The one thought that I have to add is:
Be it cream or soap, don't be afraid of using too much product. If I have mediocre lather or a poor shave, it's usually because of not loading enough product. It's cheap enough to make sure to use enough, and if you do use a little more than you need, there are no adverse affects, just extra lather.
 
Razor: Buy one razor that speaks to you. Nothing too expensive, nothing too aggressive, nothing adjustable, nothing Chinese. If you are buying vintage stay away from the open comb Gillette's, they do not make a great starter razor. Make sure that the blade gap is even across the bar and from one side to the other.
Blades: Buy a middle of the road variety pack. Try each brand two or three blades in a row before switching to the next one. Pick the one you like best, buy 25 to 50 and stick with them as you improve your technique.
Stick to one or two passes until you are more comfortable. One you have your technique down all of these suggestions are out the window. Experiment and take this hobby wherever you want to.
 
I won't be much help here, as I believe it is the very nature of hobbies to obsess over things. I recall, when I first discovered this thing of ours, how I would drive into a CVS lot, as if guided by some unseen hand, to see if they had the "other" Surrey soap, or explore the limited selection of men's products at the local C&E with glee.
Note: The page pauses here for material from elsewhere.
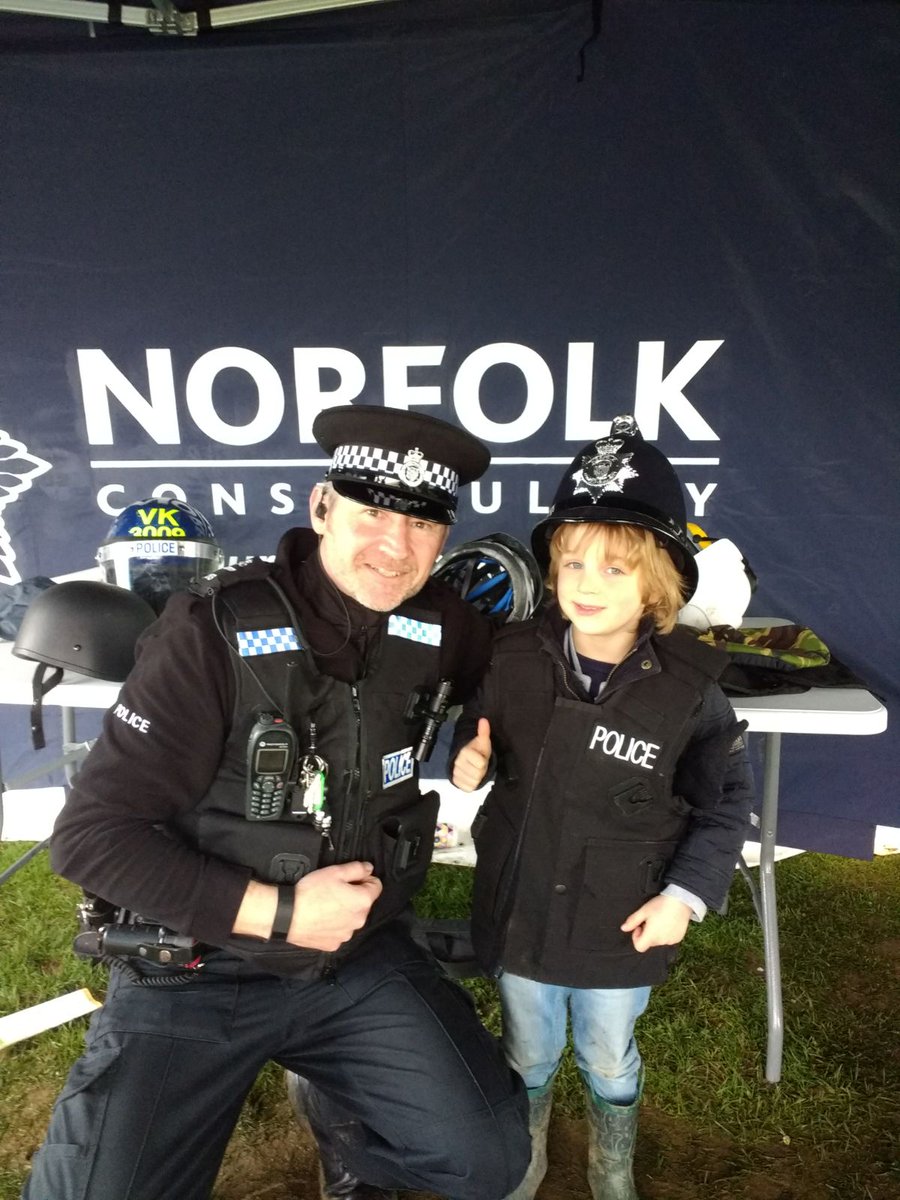 NorfolkSpecials's tweet photo. Thinking of joining the #team we will be supporting @RuralCrimeNfk at @EAGandCFair nxt wkd. We will have recruitment info to hand, officers to answer any questions also our horses & drone team. Take a #selfieswithcops #7910 https://t.co/IkKSbgKh5o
I think that hobbies go through phases-
Wow, this stuff exists?
I have to try some of these.
I have to try all of these.
I must get everything.
I have everything.
I have to simplify.
I really love this but can live without that.

Helping newbies seperate the wheat from the chaff is a great idea, and can save some folks a ton of money, but it wouldn't have helped me. Without question, I now have a lot better stuff from which to choose, and am firmly in the zen camp of less is more, but make no mistake about it- I'll never have as much fun as I did in the early days when I was awash in the wonder of it all.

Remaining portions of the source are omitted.